§ **WHAT TO WORK ON**: When you reproduce the data, keep every word exactly as it stands and leave the pictures out.

§ **SOURCE DATA**:
===============

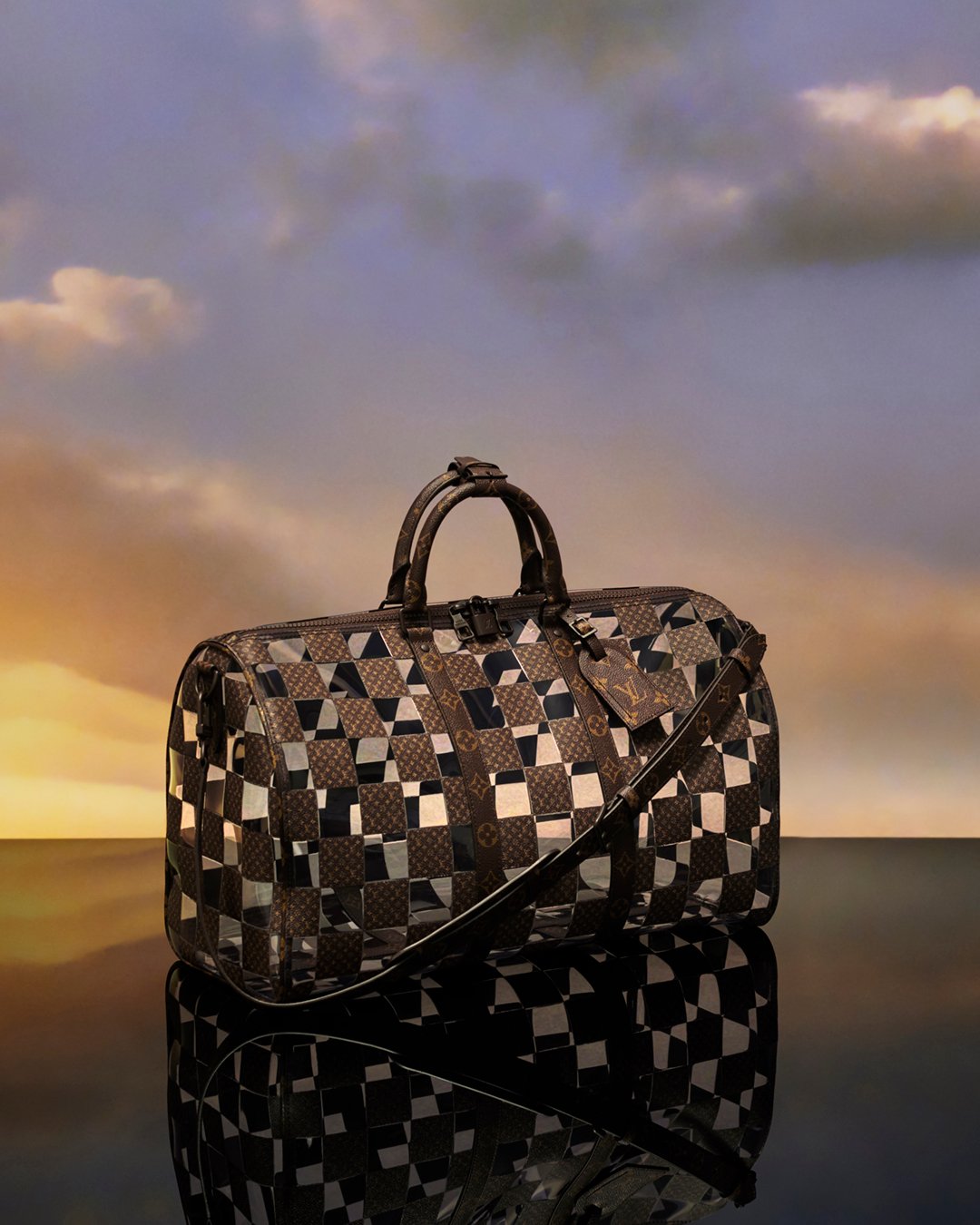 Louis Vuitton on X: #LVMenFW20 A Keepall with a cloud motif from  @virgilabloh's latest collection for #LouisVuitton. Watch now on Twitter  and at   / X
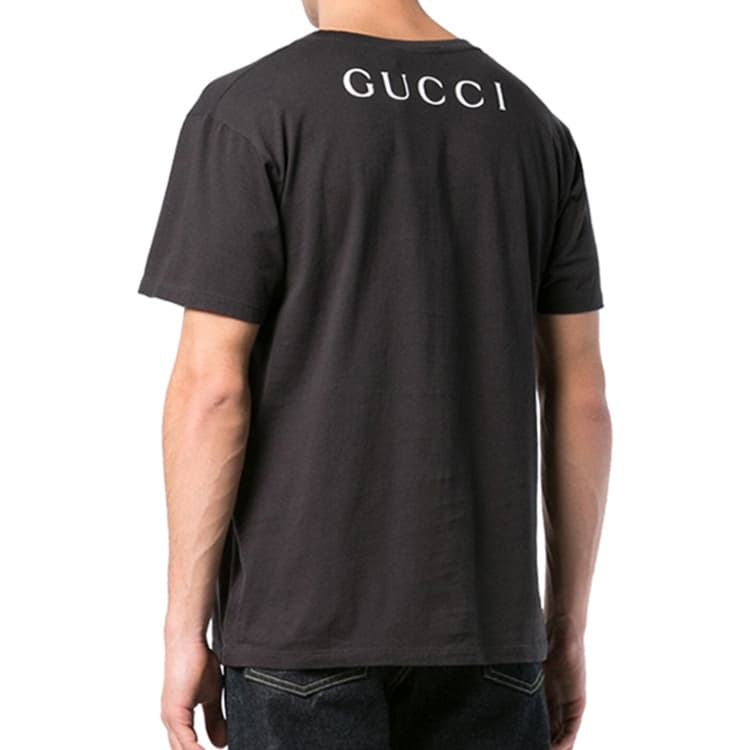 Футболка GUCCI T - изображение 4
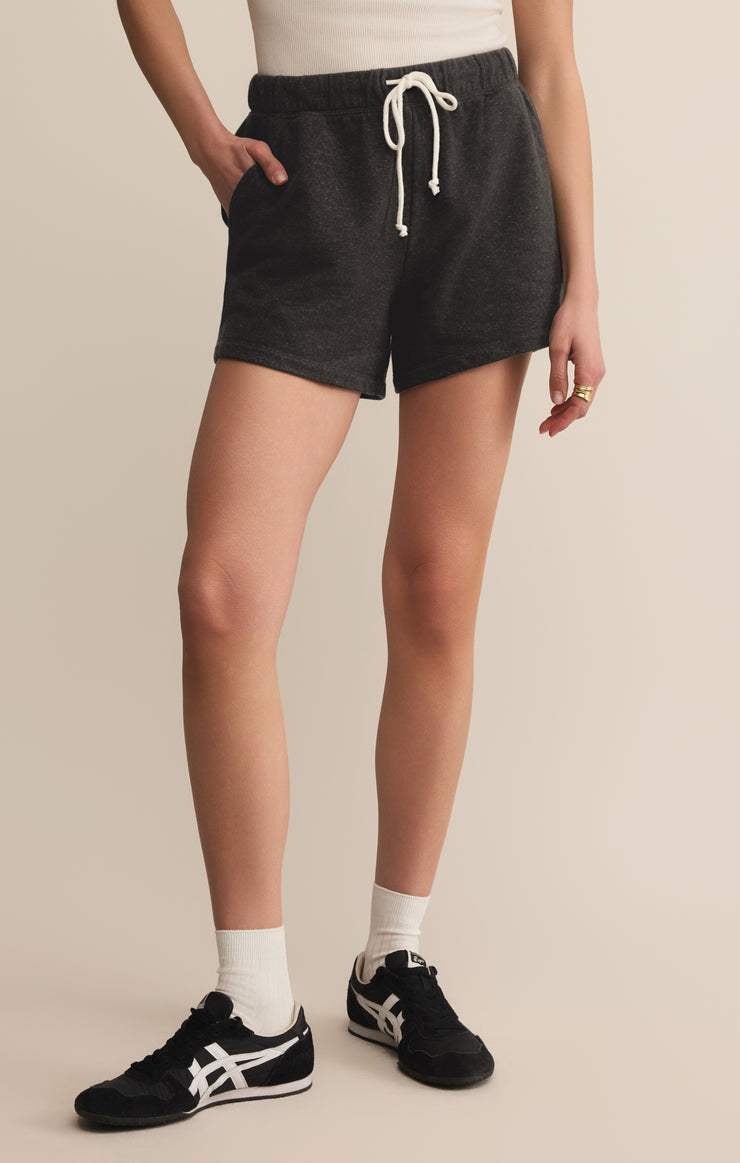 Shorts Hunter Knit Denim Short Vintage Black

===============

§ **RESPONSE AREA**:
 Louis Vuitton on X: #LVMenFW20 A Keepall with a cloud motif from  @virgilabloh's latest collection for #LouisVuitton. Watch now on Twitter  and at   / X
 Футболка GUCCI T - изображение 4
 Shorts Hunter Knit Denim Short Vintage Black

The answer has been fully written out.